Here's the second note: some interesting things discovered during
testing.

Linux Fast-STREAMS performs at 85% of a pipe when the STREAMS scheduler
is run as a per-cpu software interrupt instead of a kernel thread, and
runs 3 times faster the LiS instead of just twice. The only problem is
that put and service procedures run at bottom half. That breaks the
strinet driver. So I set the default back to per-cpu kernel threads.
Theoretically there should only be a difference on non-preemptive
kernels (i.e. older 2.4 kernels).

LiS 2.18, like 2.16 before it, runs its kernel threads with FIFO
scheduling and a real-time priority of 50. Linux software interrupts
run nice -19 (as nice as they can get), but are executed upon return
from a hardware interrupt regardless of scheduling priority. I tried
running LfS kernel threads like LiS (SCHED_FIFO, priority 50) and it
SLOWED DOWN. This is too high a priority to run service procedures.
Try running them SCHED_RR nice -19 (but then other things might break
because races will change).

LiS 2.18, unlike 2.16 does not run the STREAMS scheduler on exit from
system calls.

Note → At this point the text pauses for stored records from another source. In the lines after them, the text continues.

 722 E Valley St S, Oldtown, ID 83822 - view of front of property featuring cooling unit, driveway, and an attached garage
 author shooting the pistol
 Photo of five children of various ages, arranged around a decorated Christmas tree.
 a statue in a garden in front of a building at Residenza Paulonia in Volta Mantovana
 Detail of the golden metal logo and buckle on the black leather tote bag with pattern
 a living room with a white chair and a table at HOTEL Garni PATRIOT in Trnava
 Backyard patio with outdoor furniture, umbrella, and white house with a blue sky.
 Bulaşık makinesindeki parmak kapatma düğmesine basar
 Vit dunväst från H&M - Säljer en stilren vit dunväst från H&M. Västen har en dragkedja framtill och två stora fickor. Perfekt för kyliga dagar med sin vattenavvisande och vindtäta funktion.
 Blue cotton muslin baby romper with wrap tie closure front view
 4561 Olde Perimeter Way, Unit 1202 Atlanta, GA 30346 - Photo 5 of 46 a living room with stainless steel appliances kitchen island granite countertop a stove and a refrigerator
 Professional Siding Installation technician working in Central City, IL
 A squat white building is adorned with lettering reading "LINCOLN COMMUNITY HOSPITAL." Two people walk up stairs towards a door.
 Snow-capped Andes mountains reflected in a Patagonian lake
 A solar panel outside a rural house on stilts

LfS runs the STREAMS scheduler in the current process
context on exit from system calls in accordance with SVR 4.2. This
removes a task switch for calls not subject to flow control in the
Stream and exhibits better performance (as well as running the put
procedure at the top of the module stack in user context which is
important to some non-conforming modules).

I also tested inter-module put and service procedure performance by
pushing a bunch of pass through or buffer modules onto the pipe. LfS
performance is only about 30% better than LiS. It appears that most of
LiS performance problems are in the Stream head and scheduling of
service procedures, rather than in put(), putnext() or service procedure
invocation itself.

It might be possible to get STREAMS-based pipes to outperform Linux
native pipes with LfS (but likely not with LiS). LfS uses memory
caches for all STREAMS structures, including the Stream head and queue
pairs. Linux native pipes kmalloc their pipe end data structures
(but page allocate their buffers). I think that if I run many pipes
in parallel, LfS could exhibit better performance than native pipes
because the Stream heads are memory cached whereas the native pipes
will cache miss on the pipe end structures. In a controlled test, LfS
can theoretically exhibit 150% of the per read/write performance of a
Linux native pipe. (Boy, would that impress John or what!) LfS could
exhibit 6x the performance of LiS under the same circumstances (LiS
performance enhancements don't include memory cache for Stream heads).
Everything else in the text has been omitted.